Carter's ideas were the first concrete proposals to emerge from more than two months of talks between the government and Venezuela's opposition, which called the strike to demand early elections or Chavez's resignation.

Both Chavez and opposition leaders reacted cautiously, saying they merited study.

Carter said the first plan would amend Venezuela's constitution to shorten presidential and legislative terms of office and stage early general elections.

It calls for Venezuela's opposition to end the strike and for the government, which has a congressional majority, to move quickly on changing the constitution. Amending the constitution requires the approval of congress and a popular referendum.

Chavez said Tuesday he told Carter he would respect any constitutional changes. "If the people were to decide it should be four years ... I have no problem with that," Chavez said.

Carter's second plan calls for both sides to prepare for a binding recall referendum on Chavez's presidency in August, the midpoint of Chavez's six-year term. Venezuela's constitution allows such a vote.
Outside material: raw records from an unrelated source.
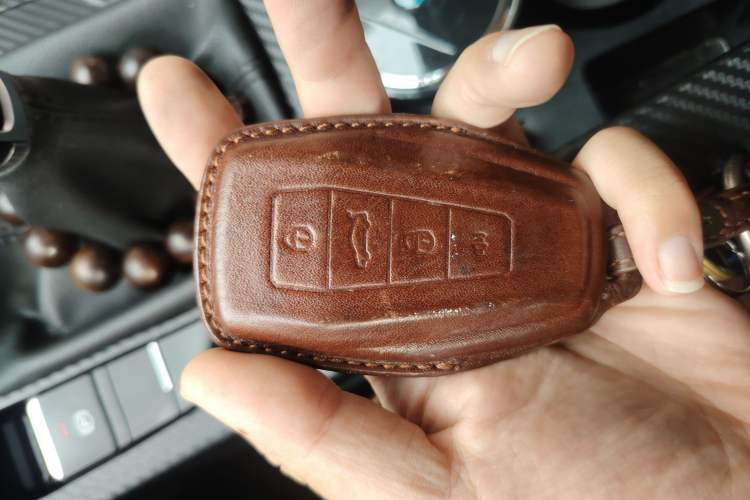 Used Geely Auto Emgrand GL 2020 1.4T Manual Luxury Model Vehicle Key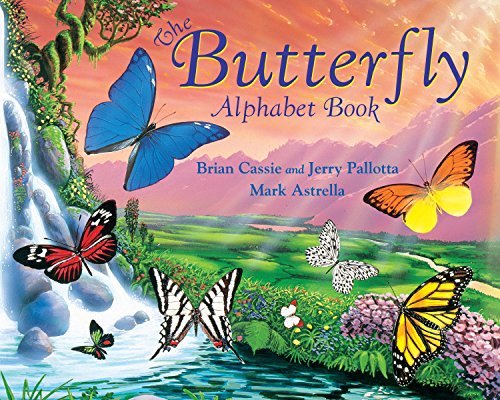 The Butterfly Alphabet Book-..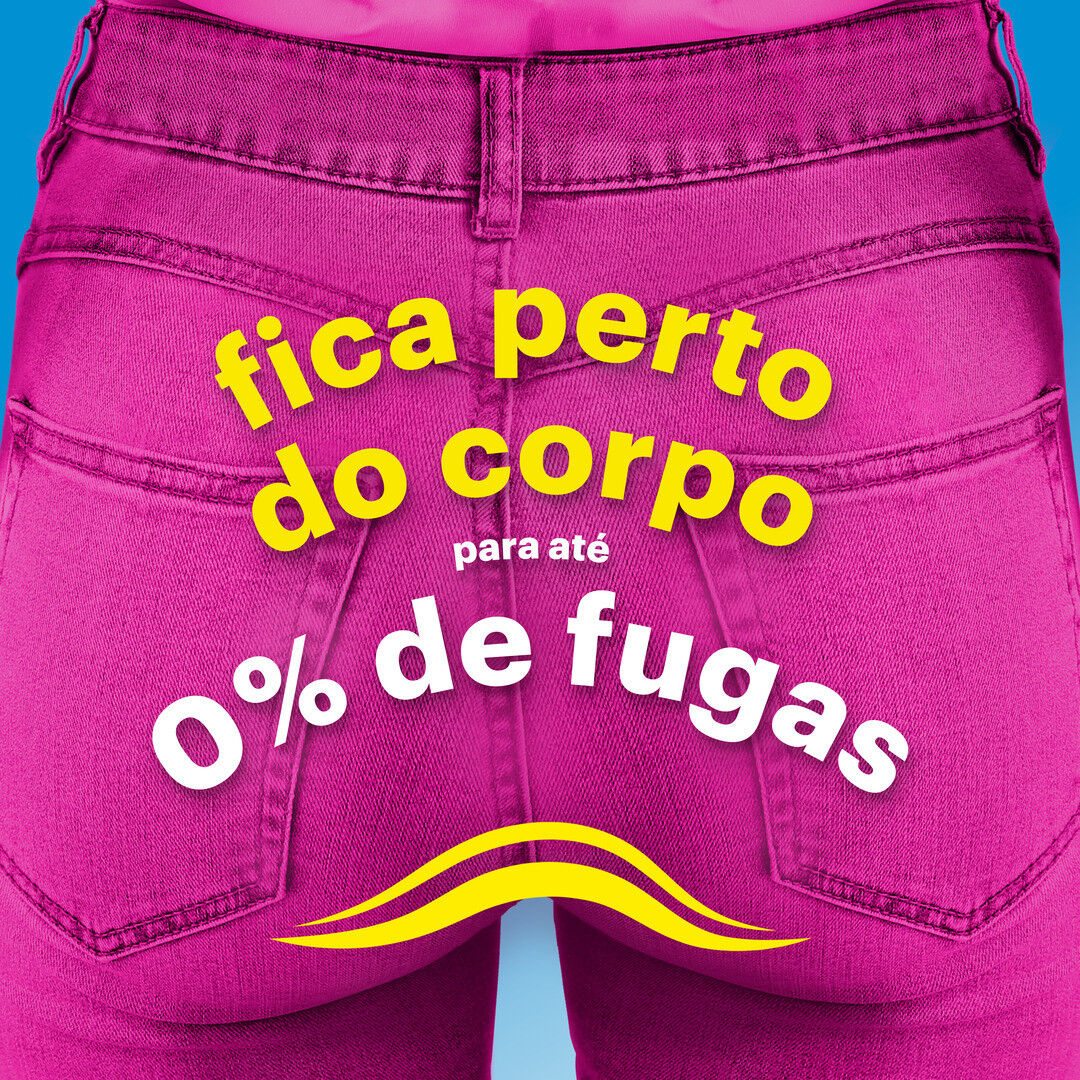 Pensos Cottonlike Super Abas - EVAX -  - Imagem 6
"We've been pleased with the reception we've had from both the government and the opposition," Carter said at a news conference before leaving Venezuela. "My opinion is that both sides want to end an impasse that is destroying the economy."

Oil provides 70 percent of export earnings and a third of Venezuela's $100 billion gross domestic product. It is a top supplier to the United States. Venezuela's output stands at about 627,000 barrels a day, compared to 3 million before the strike, according to strike leaders. The government claims production is at at least 800,000 barrels a day.

Opposition negotiator Alejandro Armas welcomed Carter's proposals.

A key point is the fate of workers at Venezuela's state owned oil monopoly, Petroleos de Venezuela S.A. Some 30,000 of 40,000 workers are striking. Chavez has fired more than 1,000.

Carter said his proposal would have strikers return to work but allow the government to prosecute anyone accused of sabotaging equipment.

Some analysts say Venezuela's economy, which shrank by an estimated 8 percent in 2002, could contract by as much as 40 percent in the first quarter of 2003. Gasoline and many foods have become scarce. Factories have closed and multinationals have evacuated personnel for security reasons.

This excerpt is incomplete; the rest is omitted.